**EXTRACTED RECORDS:**
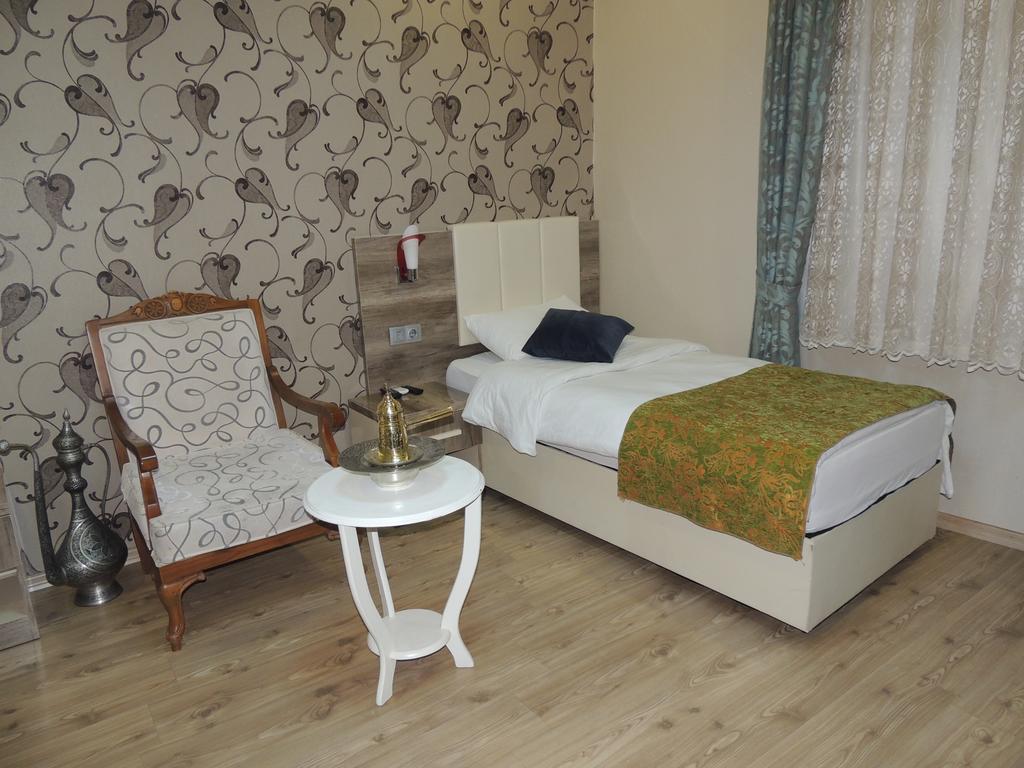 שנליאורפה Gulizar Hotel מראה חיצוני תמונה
* * *
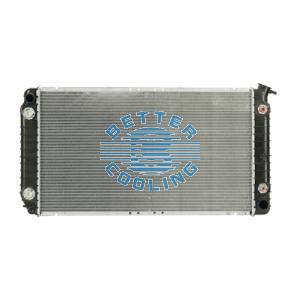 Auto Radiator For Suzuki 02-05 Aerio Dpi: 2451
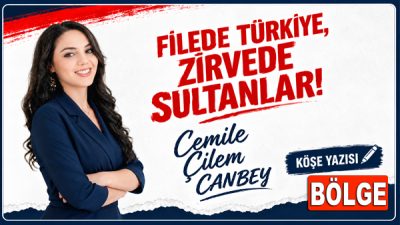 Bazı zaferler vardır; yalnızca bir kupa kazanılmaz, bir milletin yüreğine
...
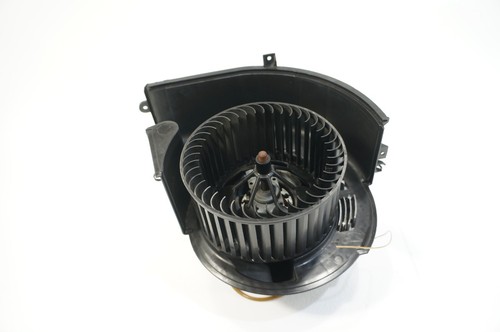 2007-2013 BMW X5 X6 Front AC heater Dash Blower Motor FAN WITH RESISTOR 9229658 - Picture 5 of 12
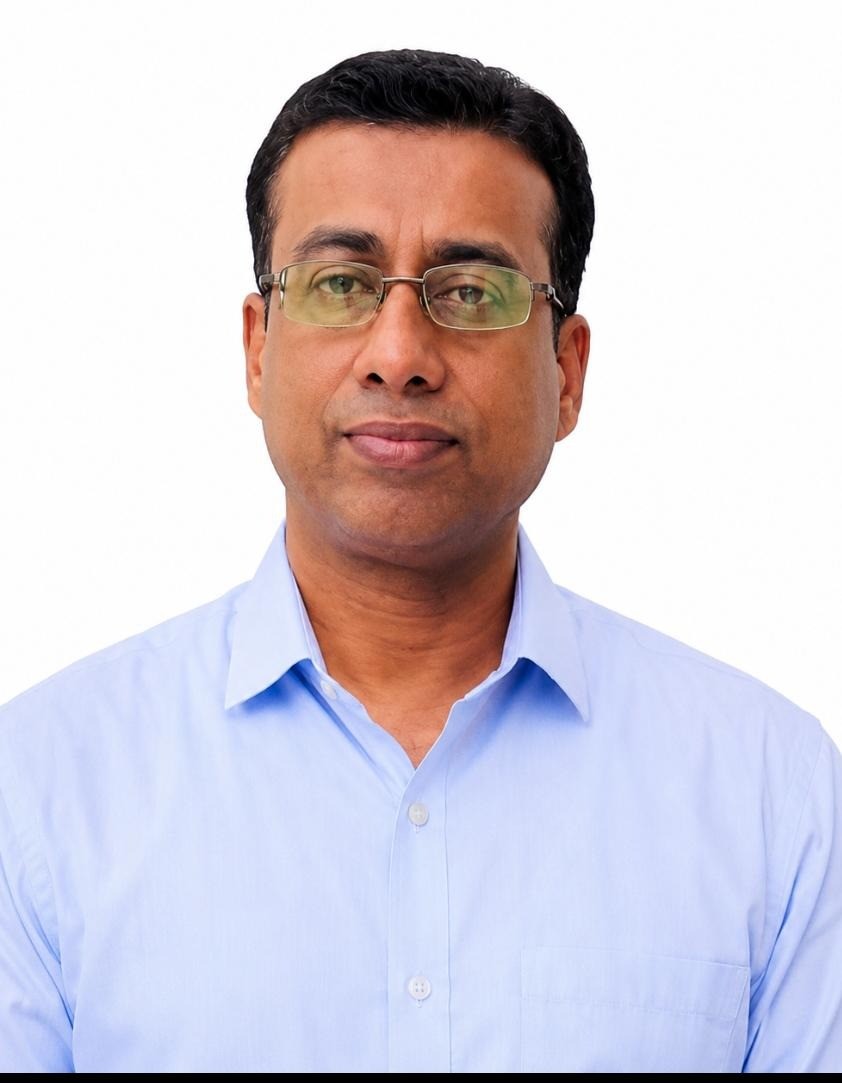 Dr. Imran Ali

**PROBLEM:** Once the line with "2007-2013 BMW X5" is found above, transcribe each line from it through the line with "Dr. Imran Ali", exactly, and omit the pictures.

**OUTPUT FOR THIS TASK:**
 2007-2013 BMW X5 X6 Front AC heater Dash Blower Motor FAN WITH RESISTOR 9229658 - Picture 5 of 12
 Dr. Imran Ali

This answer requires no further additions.